As part of BlueMix, IBM "is building a powerful line-up of developer services focused on mobile, web apps, integration, DevOps and data management". Is that all? No, in addition, IBM is continuing to allow developers access to a suite of SaaS business applications with compatible API based services.
So what's the IBM plan?
IBM has been spending a lot of money over the past year. The $1bn spent on BlueMix/SoftLayer was just the hefty tip of a very large iceberg. In January, IBM spent $1.2bn on 15 new datacentres around the world, which it was adding to the 25 it already had — all of which are devoted to cloud services, the company says.
Then in January this year, IBM announced that it was going to form the Watson Business Group to specialise in artificial intelligence at a cost of another $1bn. Included in that would be $100m devoted to helping start-ups that were working on cognitive apps. Much of this is likely to be delivered through the cloud, too.
So what do the analysts think of IBM's chances?
When I asked Gary Barnett, principal analyst at researcher Ovum, for his take on the events at IBM, he went straight to the history books. He said you have to go back to the days when Lou Gerstner was in charge (1993 to 2002) to understand what IBM is going now.
"Remember that it was Gerstner who taught the elephant to dance," Barnett said, a reference to Gerstner's book, Who Says Elephant's Can't Dance? "He started the process of re-shaping IBM and all the CEOs since have followed that lead," Barnett said.

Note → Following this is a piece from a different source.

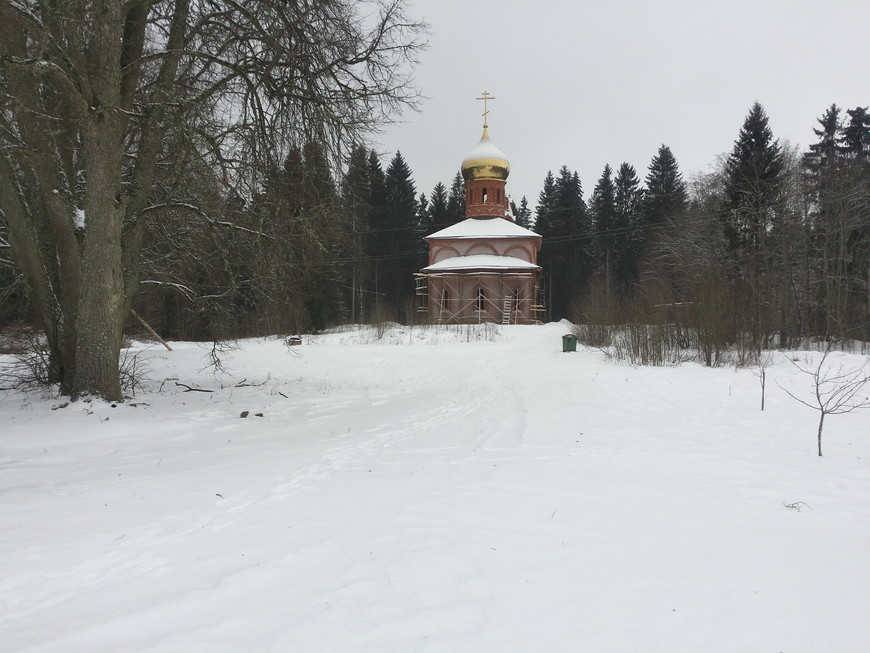 Заехал на минутку в Вохоновский монастырь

The process began, according to Barnett, with Gerstner pulling IBM's many and various businesses into four key divisions. "Since then, it has been a matter of pulling the company into areas of business that are not just defined by hardware or software but on other areas like [for example] the cloud," he said.
Barnett said that where IBM was once defined by and divided into what it sold — such as hardware or software, mainframes or servers, etc — now "it is the businesses that define the organisation of the company".

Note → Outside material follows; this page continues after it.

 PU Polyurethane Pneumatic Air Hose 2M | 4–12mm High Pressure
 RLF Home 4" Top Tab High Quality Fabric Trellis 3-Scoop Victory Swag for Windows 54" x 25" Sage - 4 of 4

So, for example, we now have Watson, IBM's artificial intelligence development facility which is open for the use of people and organisations outside of IBM. "The work that Mike Rhodin is doing with Watson is a great example of what IBM is trying to change into," Barnett said. "IBM have given him a billion dollars and said this is what we want, get on with it. That is the new IBM."
Barnett believes this is all underpinning IBM now. It means an end to complex management structures and convoluted organisational charts and an emphasis on simplicity.

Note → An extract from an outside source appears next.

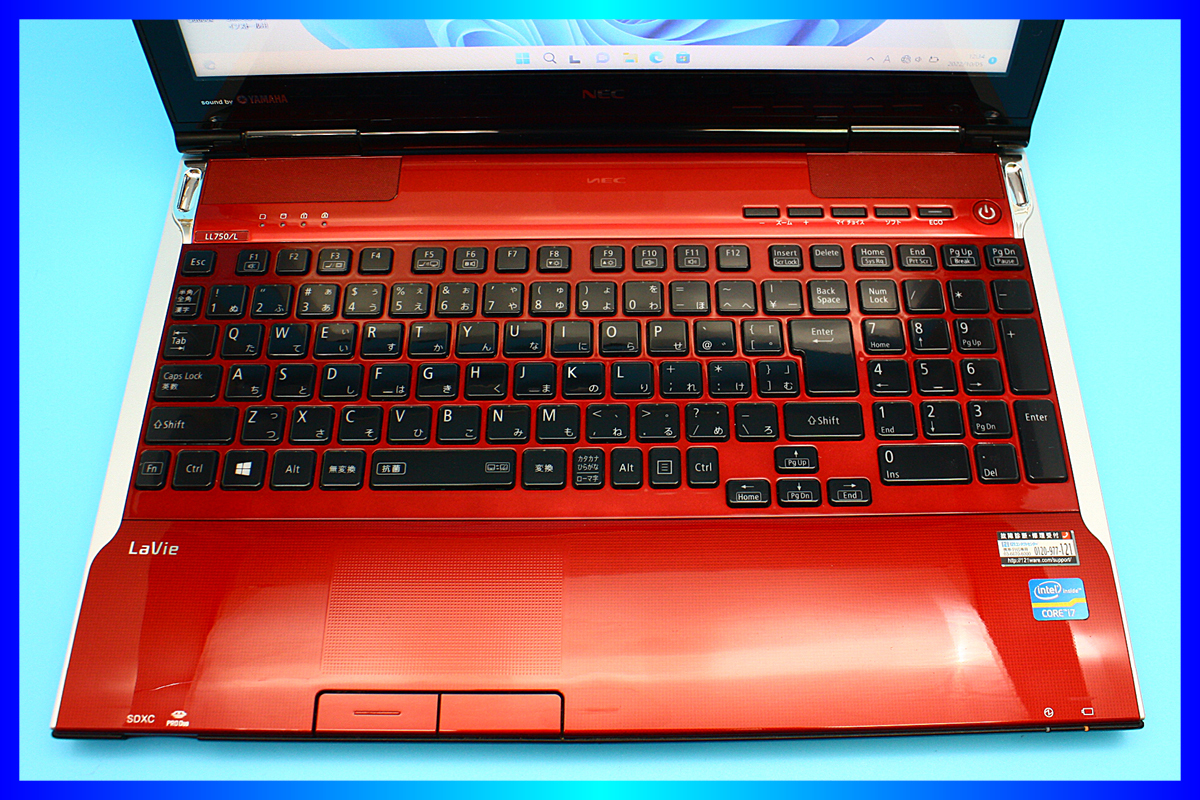 NEC メモリ 16GB【超速SSD新品512GB+HDD1000GB】Windows 11 Core i7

There was a time when IBM was a US company with a large international presence, but Barnett believes now that IBM is becoming a large international company with a presence all over the world including the US. And Barnett believe that many people underestimate just how traumatic a change that is for a company that once defined itself as American first and last.
But it is a process that has been going on since Gerstner and will be continued — but not necessarily finished — by Rometty. "I think it is half-way there," Barnett said. Does that mean more layoffs on the scale we have seen over the last year? Barnett thinks not. IBM is doing the difficult part, the mass layoffs, but Barnett does not believe that that will continue much longer.
"IBM is a big company and it goes through these cycles of losing people and the hiring again," Barnett said. "It has been doing this on a regular basis for the last 100 years."
The analysts agree with this judgement. Gartner keeps a detailed rating on all the major suppliers including IBM. It has always given IBM what it calls a "strong positive" rating for areas like strategy, marketing and organisation, but now newer areas for IBM like mobile, cloud and smart commerce are moving into promising or positive ratings.
Good news perhaps for the old slugger — a 100-plus years old remember — which is growing in the confidence of one who thinks the whippersnappers still have something to learn.